**Records for this exercise**
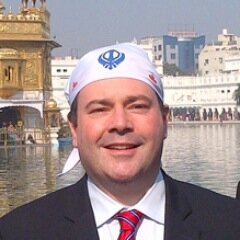 On Kenney’s head is a Sikh head scarf, also known as a rumal, which is usually worn by non-Sikh visitors to the Sikh Gurdwaras.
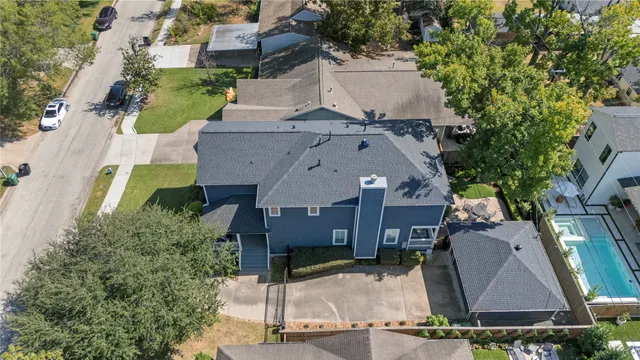 an aerial view of multiple houses with yard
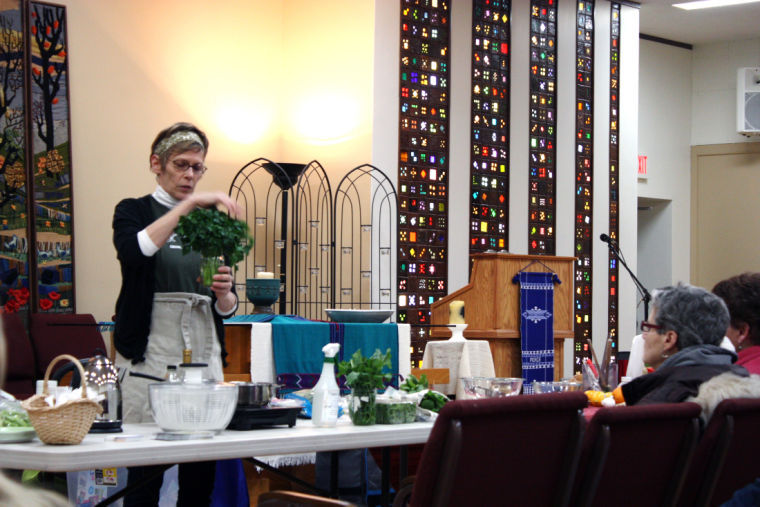 Jo Cessna, culinary instructor with KishHealth Systems, gives a demonstration on how clean, store and cook early spring greens at a DeKalb County Community Gardens meeting. The meeting — the first of the year — was Tuesday at the Unitarian Universalist Fellowship, 158 N. Fourth St. Meetings are the first Monday of every month.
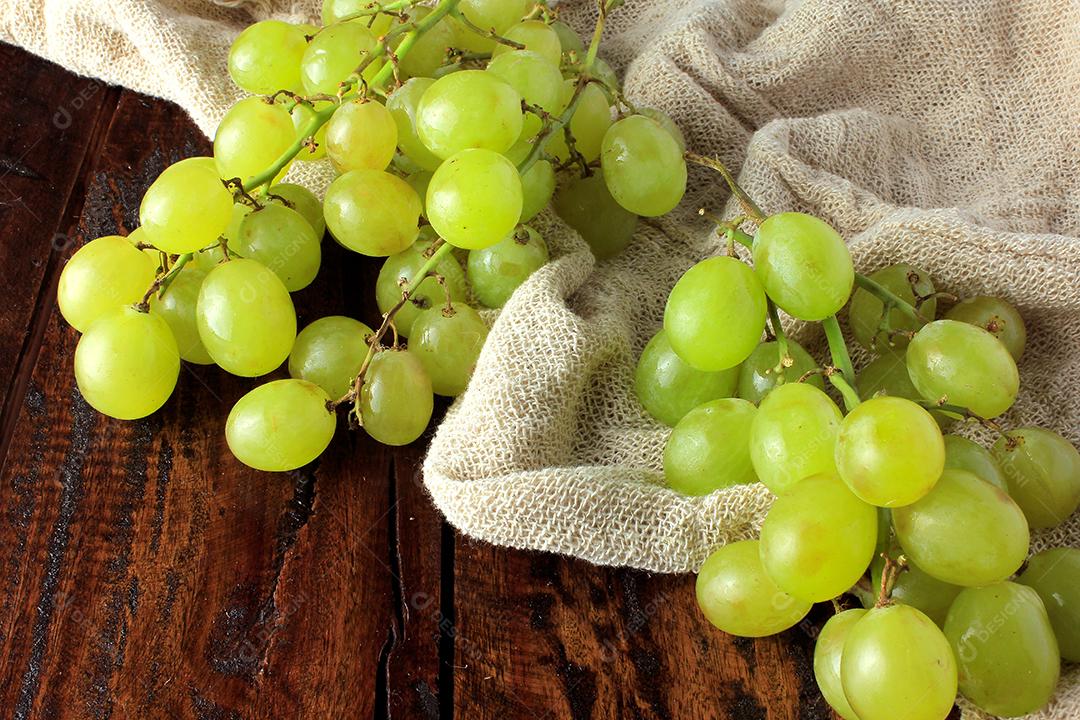 cachos de uvas, dentro da cesta de fibra de bambu na mesa de madeira, vista de perto
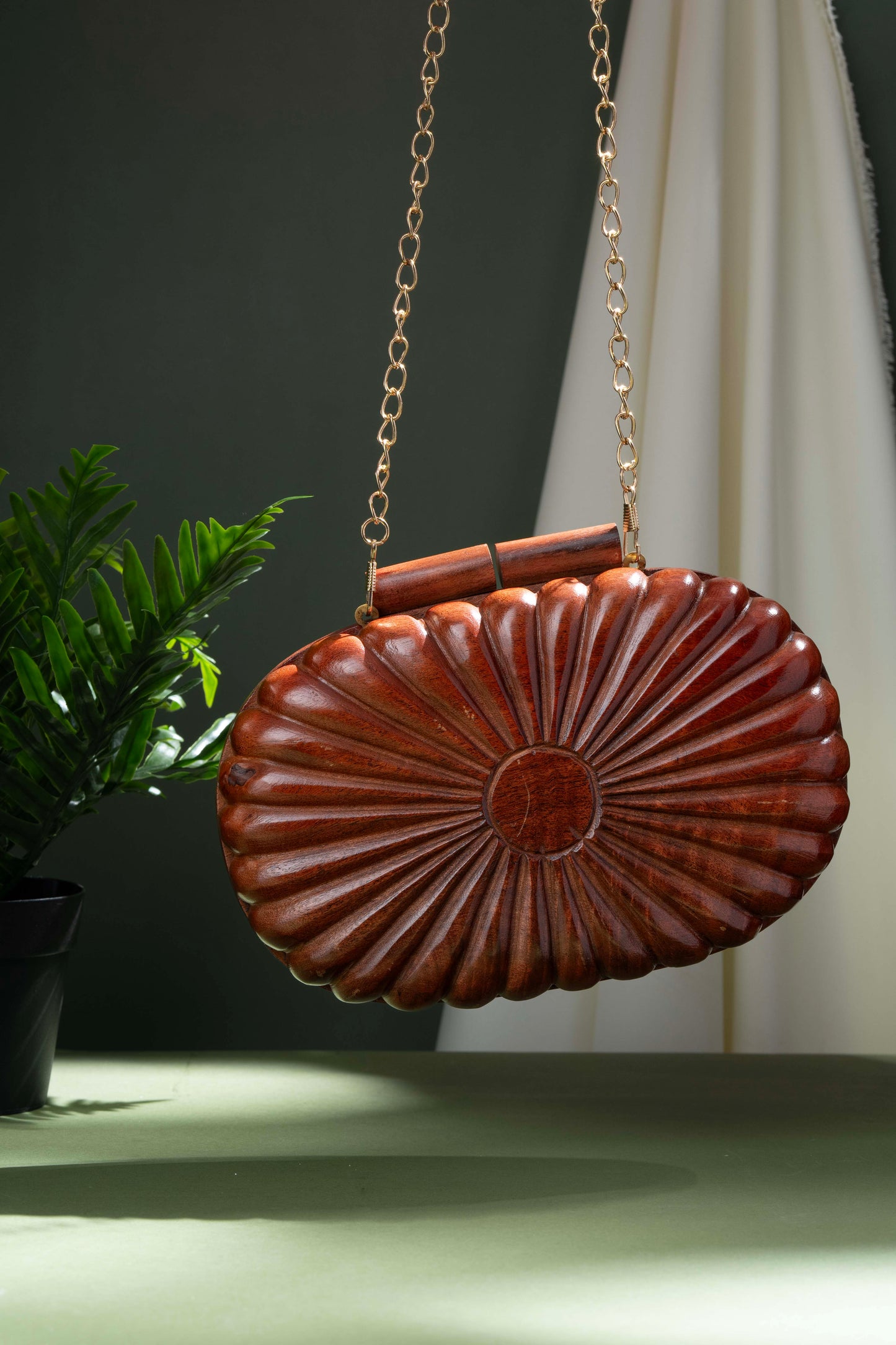 The Royals Hand Carved capsule bag in Acacia wood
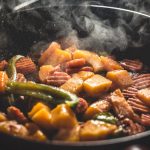 vegetable food cooked on frying pan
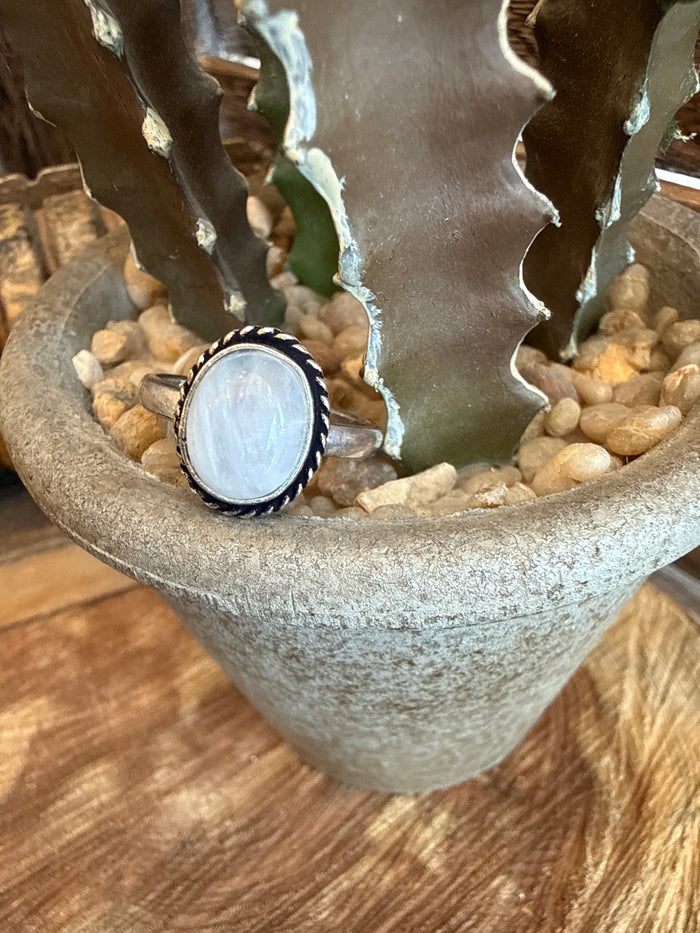 Adjustable brass ring with round light blue stone bezel and textured edge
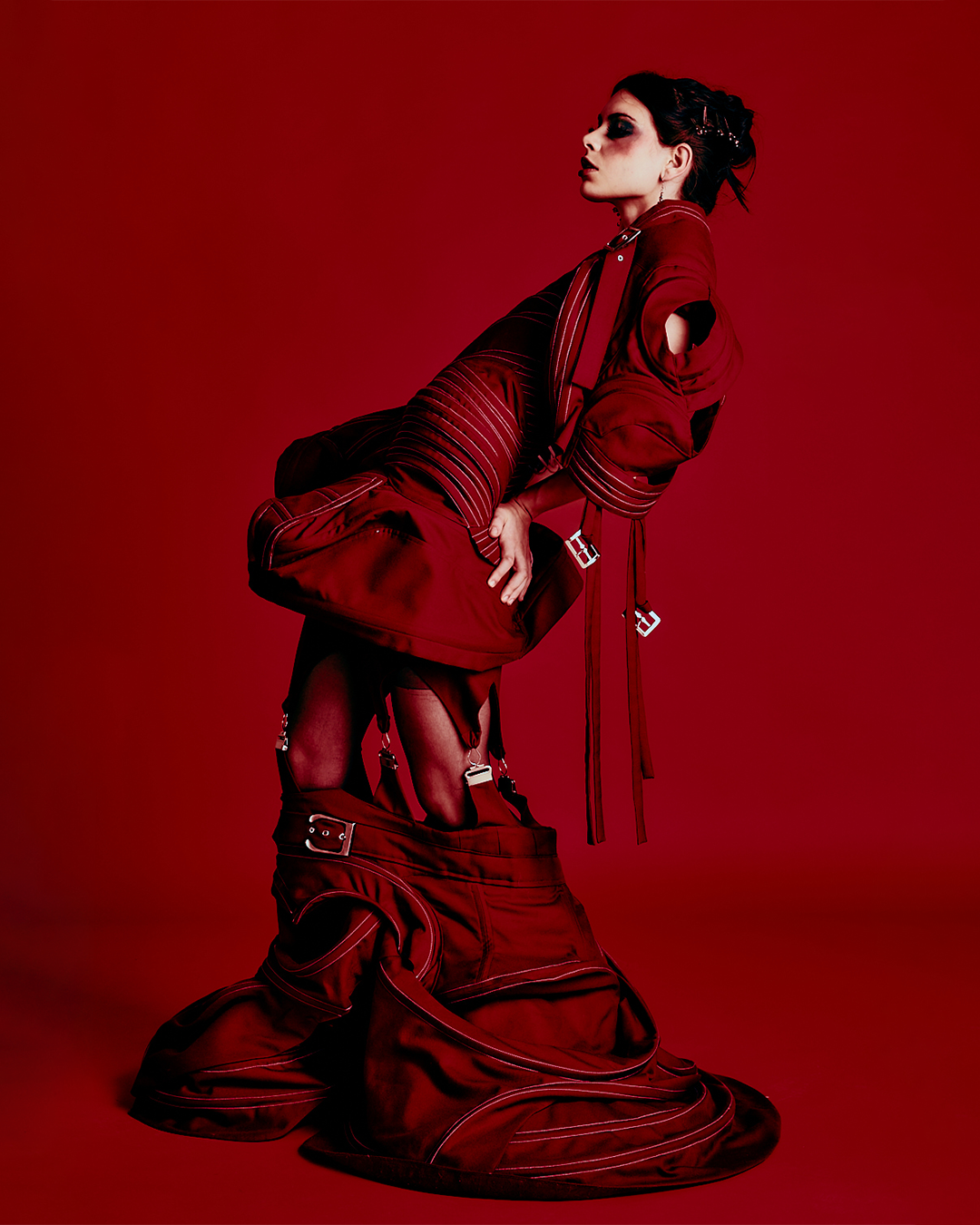 A woman dressed in red, wearing avant-garde fashion with layered fabrics, straps, and zippers, standing against a red background.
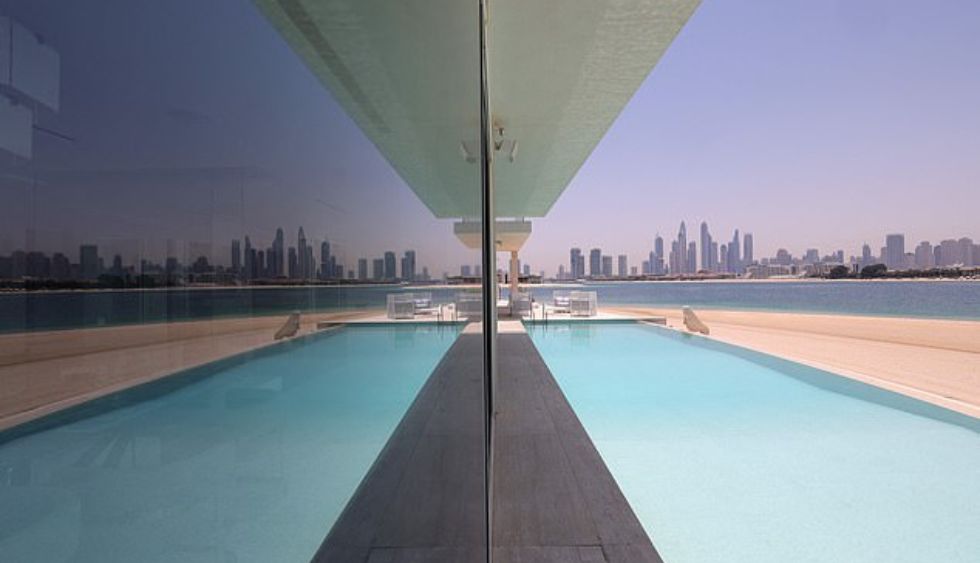 One mansion for sale has six bedrooms, private access to the beach, a showroom for seven cars, a spa, a swimming pool with a view of downtown Dubai and accommodation for employees on site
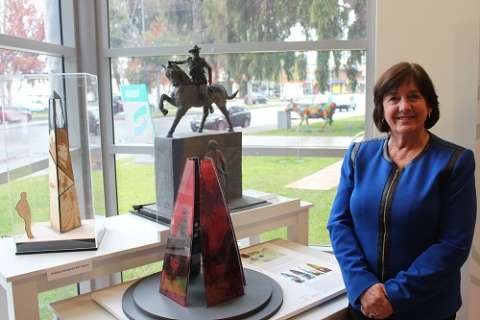 Mayor Jenny Houlihan in front of designs for Sir Murray Bourchier designs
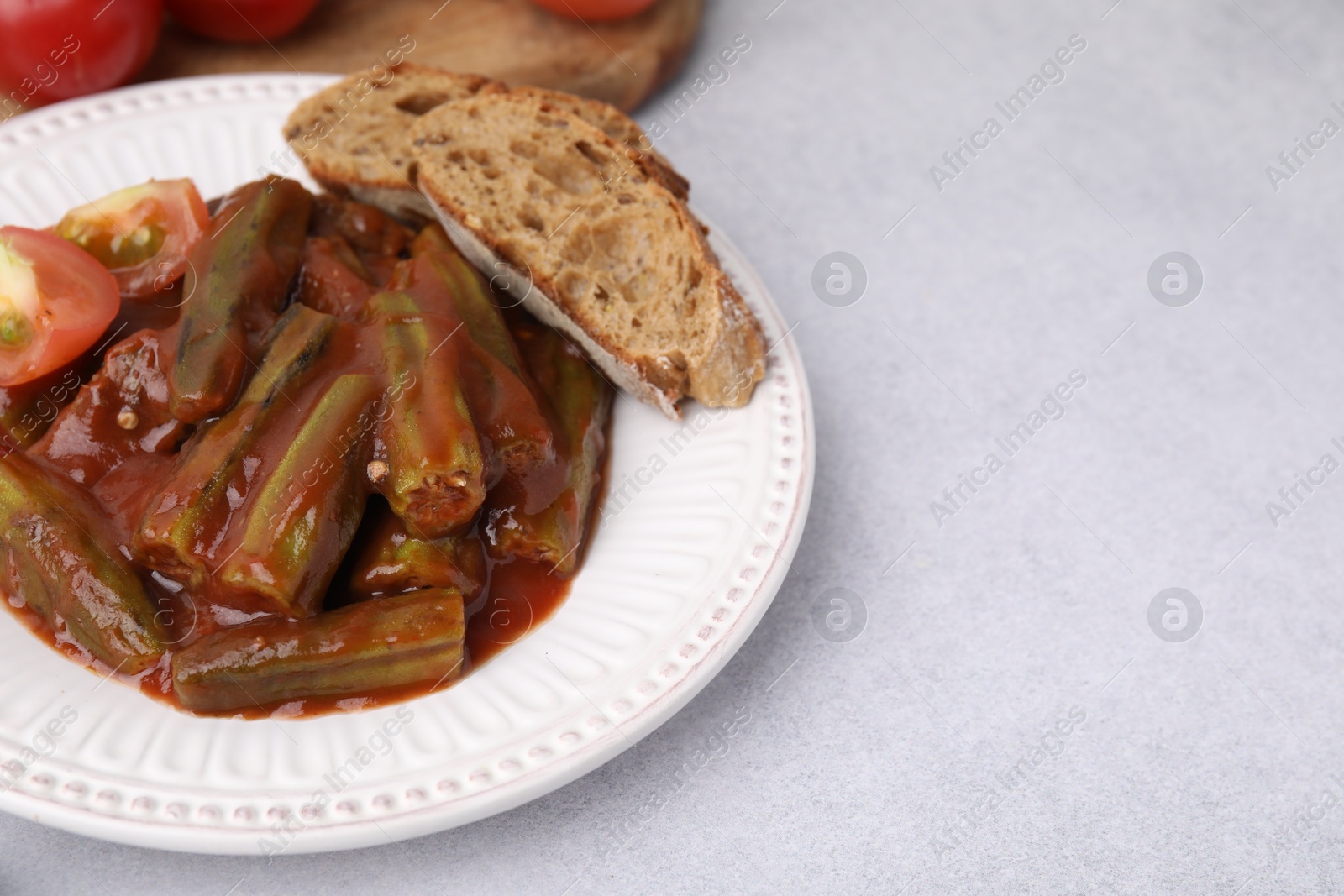 Photo of Tasty stew with okra, tomato sauce and bread on white table, closeup. Space for text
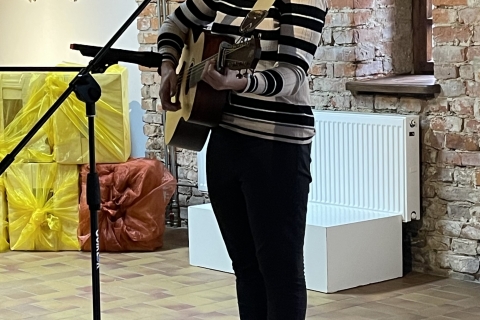 Moteris groja gitara ir dainuoja į mikrofoną. fone matyti meno kūriniai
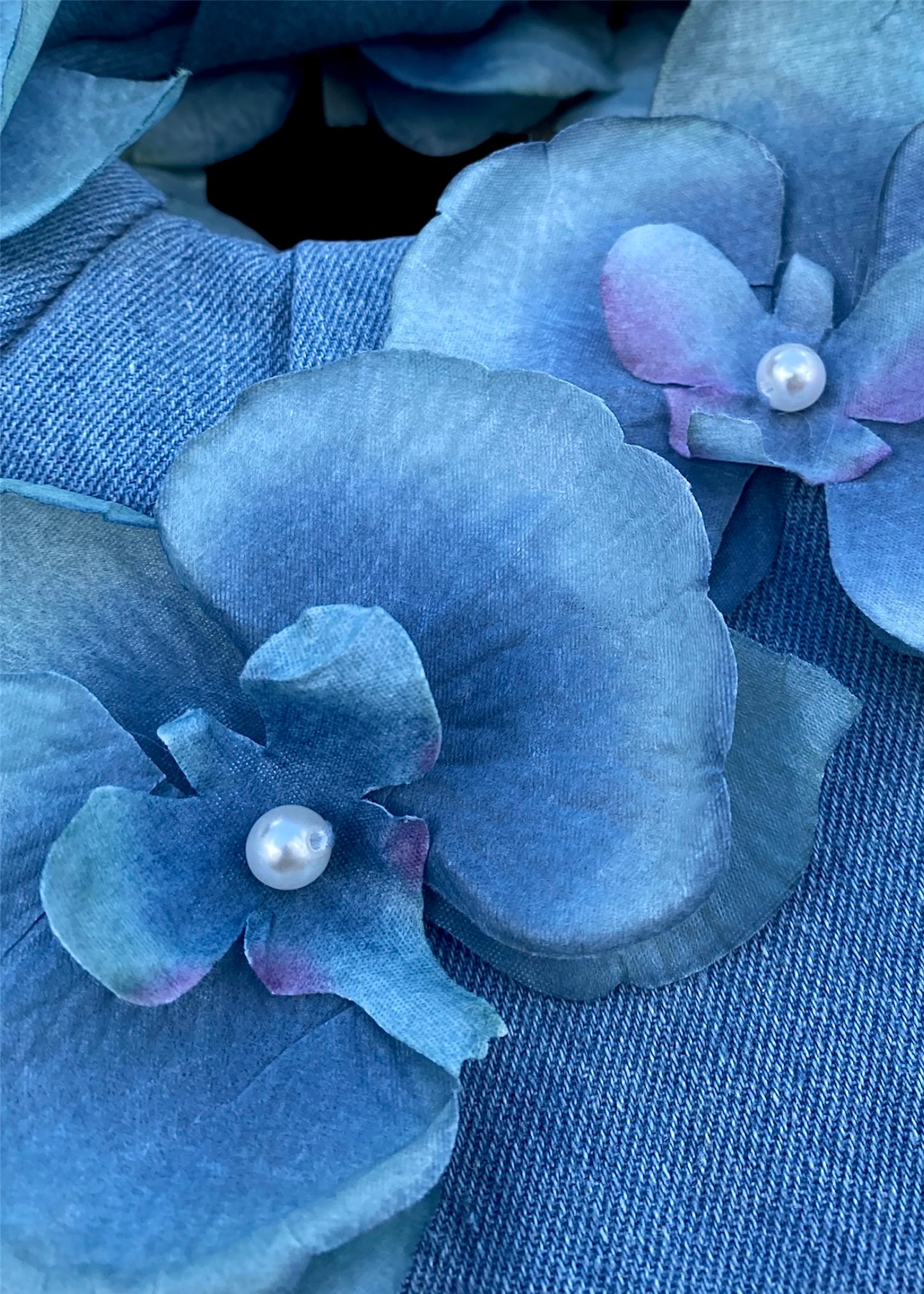 Denim handbag with monochrome orchid flowers and pearls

**Exercise goal**
Exactly the lines from the one containing "cachos de uvas, dentro" through the last line of the data above should be output, both ends included, with every picture left out.

**Solution for this problem**
 cachos de uvas, dentro da cesta de fibra de bambu na mesa de madeira, vista de perto
 The Royals Hand Carved capsule bag in Acacia wood
 vegetable food cooked on frying pan
 Adjustable brass ring with round light blue stone bezel and textured edge
 A woman dressed in red, wearing avant-garde fashion with layered fabrics, straps, and zippers, standing against a red background.
 One mansion for sale has six bedrooms, private access to the beach, a showroom for seven cars, a spa, a swimming pool with a view of downtown Dubai and accommodation for employees on site
 Mayor Jenny Houlihan in front of designs for Sir Murray Bourchier designs
 Photo of Tasty stew with okra, tomato sauce and bread on white table, closeup. Space for text
 Moteris groja gitara ir dainuoja į mikrofoną. fone matyti meno kūriniai
 Denim handbag with monochrome orchid flowers and pearls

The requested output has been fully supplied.